It may be incongruous to follow the last post with this; this one is about forgetting.
While in college, I did an independent study on Mishima Yukio's tetraology. He wrote a lot about aristocracy, of which, from memory, he may have been a part, but the stories sounded utterly foreign to me. Near the start of the first novel, a young aristocratic woman becomes pregnant, her family gives the child away, and sends her to a nunnery. Towards the conclusion of the last novel, a young man, possibly a descendent, visits the nun now in her 80s and asks her about the child. She replies, ever so politely but untroubled: "Something like that may have happened, but it was such long ago, I cannot recall."
In my 20's, I thought this was a wonderfully likely, prototypical reply from someone of her class, illusive, remorseless, no obligation to disclose. Aristocratic of worrier class women of the past in Japan often became nuns after being disgraced, such as by male heads-of-family loosing title, or becoming widowed in war, but they were not subjected to poverty, hard labor or much self-denial.
Except it may not be just that. Mom's been saying the same, with a similar attitude, about her past for a couple of years. I can't remember concrete examples, but I clearly remember being reminded of the novels, (which I hadn't thought of in decades,) the first time she said it a year and a half ago, and she didn't remember some seminal moments in my life.
I have always had bad memory even as a child/student, so it came with no surprise when I started noticing how little of my past I remember, but of late I have big blocks I can't recall. For example, even though I was a kid who liked school, I have little memory of school, even up to university, a phase in my life I looked forward to all my life. I also remember oh-so-little this side of coming to New Zealand. And the magnitude of the completeness of having-forgotten-ness astounds me.
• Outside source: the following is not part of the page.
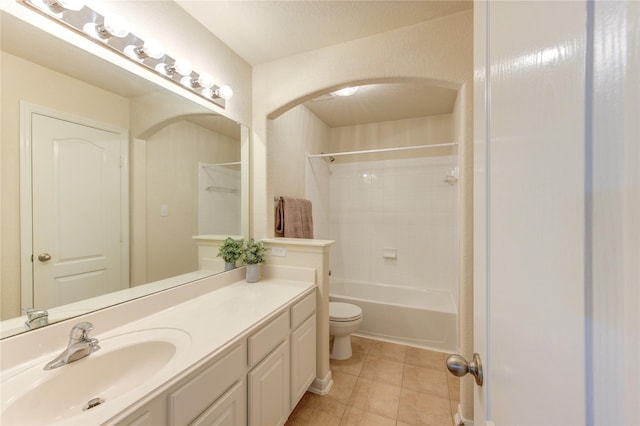 full bathroom featuring shower / bath combination, vanity, toilet, and tile patterned floors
And then there are different kinds of remembering. There are events I definitely remember, like the numerous times I was told by my parents to "enjoy the view" when we travelled in the US; I did not know the meaning of the word "view" so this troubled me to no end, but because my parents were in such awe I had to feign reverence, and by the time we got to Grand Canyon I had my act down pat. When they said, "look at the mountain/river/sunset/cactus," however, as a three/four/five-year-old, I was somewhat repulsed grownups were impressed by such mundane stuff.
I remember driving quite a long way into the country in Minnesota with Mr and Mrs Woods once; and I had to have a nap because I was expected to stay up late. Came the evening and there were a whole bunch of us sitting on one side of a body of water, and some fire and a few folks on another side, which was at first intriguing but it went on far too long for a wee one. Decades later, I asked Ron about it, and it turned out it was a outdoor, evening performance of Tale of Haiwatha across the lake, and the grownups enjoyed the occasion very much. Rightly so!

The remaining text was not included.